Where Sharpless keeps a narrative in his speech-rhythms, Jonas is more concerned with the isolated spark of passionate utterance, registered with a rapidity found almost nowhere else in the language.  (Amiri Baraka, who was Jonas’ friend, may be the exception.)


I mention these as company.  Other poets come to mind, for speech or theme or both: Joel Oppenheimer; the lusty queer poems one can find in Thomas Meyer’s work; CAConrad’s possessed detonations; Jeffery Beam’s electric pan-amative “mustard seeds” (as Meyer’s called them); Spicer, whose Blaser-edited Collected Books echoes in the Presences title.  Others.  James Broughton.  Gerritt Lansing.  


**


This all to say: read the Work.  Sharpless should be read--Catullus’ corpus is not much larger, Sappho’s smaller though a superior melodist‡--, studied, delighted in.  The world is filled with read unreadable dross; Sharpless is a poet who never managed to write anything but exquisite charms: besasa out of Kirke's isle.


*


Two poems to leave off on: from The Fall of the X Dynasty, and the closing lines of the second poem in Working Stiffs (called “Graveyard Shift”):



The Recluse



What have I besides poetry?
Bed, table, lamp, some books.
A dozen years of scratching
does not relieve the itch.


*


I will look directly
into death’s unmoved,
onmoving grin,


but will I see you
again, or remember
all of your names?




_____________________________
* Creeley: “These intent, elegant verses are instance of an accurate and feeling mind.  We wander so abysmally in a maze of arguments and opinion that I hope we can still hear such compact wit and good will.  Jack Sharpless is a pleasure we had best accommodate while we still can.  His is the world that matters.”  Duncan: “Jack Sharpless restores my faith in the new generation.  He’s by far the best of them all.”
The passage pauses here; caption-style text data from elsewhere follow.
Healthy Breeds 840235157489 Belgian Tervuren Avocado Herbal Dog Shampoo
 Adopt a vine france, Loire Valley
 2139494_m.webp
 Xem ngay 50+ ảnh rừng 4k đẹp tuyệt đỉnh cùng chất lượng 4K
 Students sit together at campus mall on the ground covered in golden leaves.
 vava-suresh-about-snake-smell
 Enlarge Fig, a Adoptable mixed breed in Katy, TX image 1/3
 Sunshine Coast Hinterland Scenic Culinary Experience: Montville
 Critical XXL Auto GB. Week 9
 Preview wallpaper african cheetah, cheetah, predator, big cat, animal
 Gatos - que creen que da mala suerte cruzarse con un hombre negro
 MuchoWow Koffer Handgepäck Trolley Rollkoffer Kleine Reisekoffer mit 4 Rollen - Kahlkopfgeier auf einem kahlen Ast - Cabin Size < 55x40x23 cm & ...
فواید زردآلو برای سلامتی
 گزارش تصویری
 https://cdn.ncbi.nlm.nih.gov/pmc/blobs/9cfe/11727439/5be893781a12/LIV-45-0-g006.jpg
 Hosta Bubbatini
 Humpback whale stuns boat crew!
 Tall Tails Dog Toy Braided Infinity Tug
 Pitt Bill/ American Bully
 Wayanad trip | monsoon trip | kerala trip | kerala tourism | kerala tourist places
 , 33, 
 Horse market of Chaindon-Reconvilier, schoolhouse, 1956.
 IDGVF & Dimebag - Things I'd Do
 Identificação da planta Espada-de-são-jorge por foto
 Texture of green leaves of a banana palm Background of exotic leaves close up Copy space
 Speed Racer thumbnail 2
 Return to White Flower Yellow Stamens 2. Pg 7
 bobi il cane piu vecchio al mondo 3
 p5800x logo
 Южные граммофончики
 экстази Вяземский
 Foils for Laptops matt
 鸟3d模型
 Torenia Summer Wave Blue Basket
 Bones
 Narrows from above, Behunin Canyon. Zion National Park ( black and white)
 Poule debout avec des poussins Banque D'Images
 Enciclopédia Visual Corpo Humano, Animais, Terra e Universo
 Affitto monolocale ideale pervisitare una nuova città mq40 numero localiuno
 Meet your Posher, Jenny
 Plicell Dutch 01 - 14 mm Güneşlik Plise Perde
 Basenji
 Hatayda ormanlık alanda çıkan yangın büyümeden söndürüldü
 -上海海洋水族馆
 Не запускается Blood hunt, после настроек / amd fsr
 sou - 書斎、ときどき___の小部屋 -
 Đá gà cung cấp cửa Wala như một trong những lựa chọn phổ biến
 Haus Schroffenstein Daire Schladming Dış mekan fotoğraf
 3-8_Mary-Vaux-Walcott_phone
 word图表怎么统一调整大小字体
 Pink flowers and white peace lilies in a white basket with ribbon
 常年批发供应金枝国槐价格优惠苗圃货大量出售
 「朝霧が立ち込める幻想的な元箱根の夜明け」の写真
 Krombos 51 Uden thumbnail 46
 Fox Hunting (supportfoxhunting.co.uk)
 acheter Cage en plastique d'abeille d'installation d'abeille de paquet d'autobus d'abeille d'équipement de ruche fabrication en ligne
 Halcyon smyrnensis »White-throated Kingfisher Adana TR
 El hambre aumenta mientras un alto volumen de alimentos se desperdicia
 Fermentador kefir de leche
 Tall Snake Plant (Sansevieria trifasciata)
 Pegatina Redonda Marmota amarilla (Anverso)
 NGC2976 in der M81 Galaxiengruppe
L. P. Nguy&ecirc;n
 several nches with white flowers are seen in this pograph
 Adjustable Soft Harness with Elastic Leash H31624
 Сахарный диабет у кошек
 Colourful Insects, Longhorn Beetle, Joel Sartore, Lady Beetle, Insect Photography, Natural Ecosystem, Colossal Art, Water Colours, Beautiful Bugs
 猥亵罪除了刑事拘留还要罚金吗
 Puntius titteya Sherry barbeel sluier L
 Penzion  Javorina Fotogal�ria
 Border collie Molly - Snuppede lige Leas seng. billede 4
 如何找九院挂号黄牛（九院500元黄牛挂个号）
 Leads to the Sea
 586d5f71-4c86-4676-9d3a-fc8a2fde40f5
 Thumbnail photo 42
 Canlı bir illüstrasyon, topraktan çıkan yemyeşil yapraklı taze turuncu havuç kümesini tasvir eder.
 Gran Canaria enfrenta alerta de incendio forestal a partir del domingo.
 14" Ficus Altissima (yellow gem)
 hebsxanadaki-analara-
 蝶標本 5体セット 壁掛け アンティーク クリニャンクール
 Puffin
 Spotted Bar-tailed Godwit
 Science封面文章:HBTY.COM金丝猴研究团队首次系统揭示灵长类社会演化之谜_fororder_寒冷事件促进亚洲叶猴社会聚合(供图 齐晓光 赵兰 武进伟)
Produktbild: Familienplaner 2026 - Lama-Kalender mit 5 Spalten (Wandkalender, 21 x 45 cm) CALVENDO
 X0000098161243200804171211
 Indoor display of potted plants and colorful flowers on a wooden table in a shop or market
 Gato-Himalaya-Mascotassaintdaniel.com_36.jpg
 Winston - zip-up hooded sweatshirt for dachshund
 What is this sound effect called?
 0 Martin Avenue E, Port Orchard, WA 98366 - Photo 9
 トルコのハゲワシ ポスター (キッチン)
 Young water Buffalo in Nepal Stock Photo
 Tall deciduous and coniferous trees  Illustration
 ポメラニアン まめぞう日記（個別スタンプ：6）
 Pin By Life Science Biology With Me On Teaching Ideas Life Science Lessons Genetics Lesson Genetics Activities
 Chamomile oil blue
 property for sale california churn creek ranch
** A few titles as a hint to the keen minds in the cave (to be found here: http://www.the-song-cave.com/): Alfred Starr Hamilton’s A Dark Dreambox of Another Kind; Thomas Meyer’s Essay Stanzas; Nate Klug’s Rude Woods; Fanny Howe’s The Lamb.  I don’t think there’s a miss in the whole catalogue thus far.  Gems.  

*** Some of these poems were first published in the Chicago Review (Vol.45, No.1, 1999).

**** To listen to some of them, vide: http://www.writing.upenn.edu/pennsound/x/Williams-Jonathan.php.

Can be found in his Selected Poems (Talisman House, 1994), edited by Joseph Torra.  The subtitle of the poem is: being a Primer for the Beginner in the American Idiom.  

And both of those poets--Catullus, Sappho--registered passionate speech in indelible fashion.